Lt. Hollie Connors said up to 80 masked bandits blocked the street up and down Broadway Plaza with up to 25 vehicles that had license plates covered from possible identification. Though the city began placing officers inside Nordstrom earlier this year after similar smash-and-grab robberies, no officers were on site just before 9 p.m. Saturday when the coordinated attack took place.
Three employees were injured, including one who was pepper-sprayed.
Police arrested three suspects Saturday night, at least one with a gun, as dozens more fled. Connors said they were still being held Sunday, though didn't know if they were still in custody Monday afternoon.
The robbery may have been part of a larger string of robberies happening at jewelry and other high-end stores around the Bay Area.

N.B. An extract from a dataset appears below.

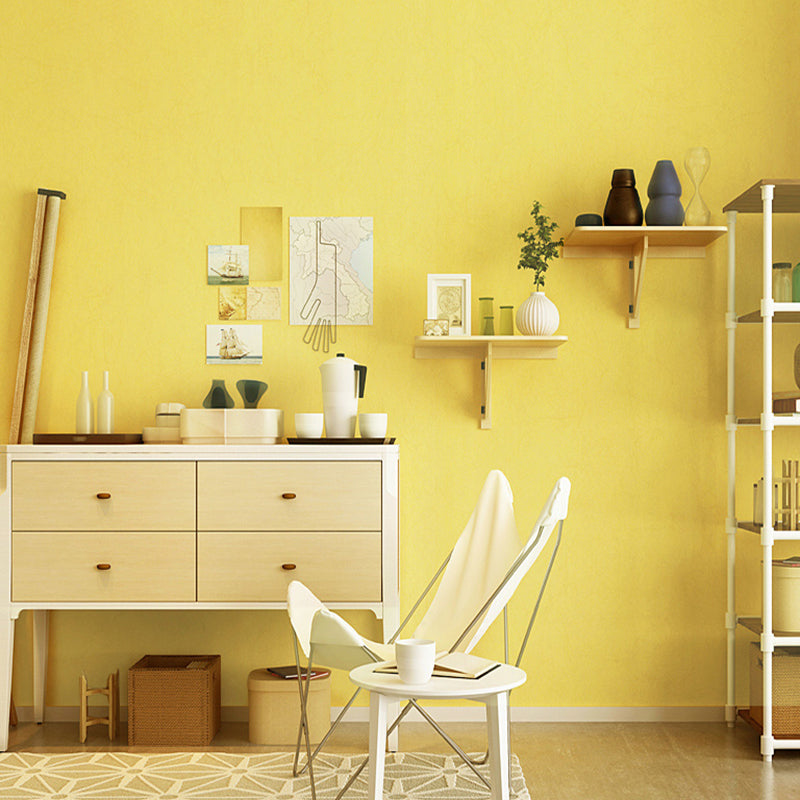 Multi-Color Solid Wallpaper Roll Scandinavian Stain Resistant Wall Decor for Bedroom Clearhalo 'Modern wall decor' 'Modern' 'Wallpaper' Wall Decor' 2411868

On Sunday night, 8 to 10 suspects with hammers hit Sam's Jewelry at Hayward's Southland Mall. About an hour later, suspects rushed high-end athletic apparel store Lululemon in San Jose's Santana Row, making off with merchandise.
Connors said it's not clear whether there's a connection. She said police believed another attempt would be made at Nordstrom Sunday night, and police blocked off ether end of the street and put its ready and react team on alert. No trouble was reported.
"I don't know if that made them divert, or what happened," Connors said. "We had some information that that same group might come back. We prepared."
Walnut Creek Mayor Kevin Wilk said the city will keep Broadway Plaza free of cars at least through the holidays.
"This is really all hands on deck," Wilk said. "We'll have more police downtown. We'll be monitoring online chatter and communicating with all our stores."
Connors said police resources and staffing aren't optimum right now, and people may be taking advantage.
"Police agencies are hurting right now, "Connors said.
She said there was an officer posted at the nearby Apple Store Saturday night, who was alerted to what were initially reported as a high number of reckless driving incidents around the plaza. Police responded quickly, but were hampered by the sheer number of suspects driving away in so many vehicles.
"We doing what we can do, with increased foot patrols on weekends," Connors said, adding that departments may need better coordination and more joint efforts.
There's also possibility of sharing intelligence resources with federal law enforcement.
Wilk said he expects more arrests as more video evidence is analyzed. He spent much of Monday in meetings about the city response, including discussions with other mayors on how to coordinate. He said the city also needs county help.
"We need the D.A. to charge and prosecute these cases to the full extent of the law," Wilk said. "If people see they're going to be caught, they'll think twice. We need to make people feel safe in Walnut Creek. We demand it."